I'm new here, and I found this forum very interesting. I need to translate a sentence by somebody who send me "wala kayo pag asa". What does it means please? 

It's from a friend ex-boyfriend, (I know his phone number lol!) and I don't know what it means. Thanks for your help. =)


----------



## MariadeManila

"You're hopeless" 

That's what he means


----------



## lomniom

Heh, thanks a lot. I know he won't go nowhere with his super jealosy. Anyway glad to know that he can't even write me in English!


----------



## MariadeManila

Welcome!

Just a note.
He used the term *kayo.*
It could mean more than 1 person involved
or just a sign of respect.


----------



## David

...po kayo... then, could be either singular or plural?


----------



## MariadeManila

*"po" *alone is really used to show respect while the use of 
*"kayo"* instead of ka (singular) makes it more respectful.


----------



## kenshin

lomniom said:


> Hello everybody,
> 
> I'm new here, and I found this forum very interesting. I need to translate a sentence by somebody who send me "wala kayo pag asa". What does it means please?
> 
> It's from a friend ex-boyfriend, (I know his phone number lol!) and I don't know what it means. Thanks for your help. =)

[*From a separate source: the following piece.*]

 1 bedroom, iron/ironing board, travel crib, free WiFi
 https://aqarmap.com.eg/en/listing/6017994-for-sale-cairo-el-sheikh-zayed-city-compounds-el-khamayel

"wala kayo pag asa" - i think this refers to your relationship. So if this is the case, contextually it would mean: "your relationship won't last or your relationship won't go any further ".


----------



## VAUGHN_RAIN

I think he is referring to you relationship now. 

It's like he's jealous.. and he telling you that you relationship with your new guy is hopeless.


----------



## cj_sandiego

lomniom said:


> Hello everybody,
> 
> I'm new here, and I found this forum very interesting. I need to translate a sentence by somebody who send me "wala kayo pag asa". What does it means please?
> 
> It's from a friend ex-boyfriend, (I know his phone number lol!) and I don't know what it means. Thanks for your help. =)



Can also mean...

*You don't stand a chance...
You don't stand any chance...

*but if it's from a ex - boyfriend..
*
You are hopeless* would be the best answer...


----------



## cj_sandiego

David said:


> ...po kayo... then, could be either singular or plural?





> from Maria de Manila
> 
> *"po" *alone is really used to show respect while the use of
> *"kayo"* instead of ka (singular) makes it more respectful.



Filipino language can be confusing... Someone can be respectful while delivering those lines to someone else...

The word *po* is really use nationally as a form of respect... 
but for *kayo* - mostly it is use by people who live in Luzon (part of the Philippines) only...


----------



## balasang

I don't think po is uniform. I speak Ilocano and we don't have 'po' however, we use the plural pronoun to show respect to older people or to officials. We also have 'titles' that would indicate respect. But no po/opo


----------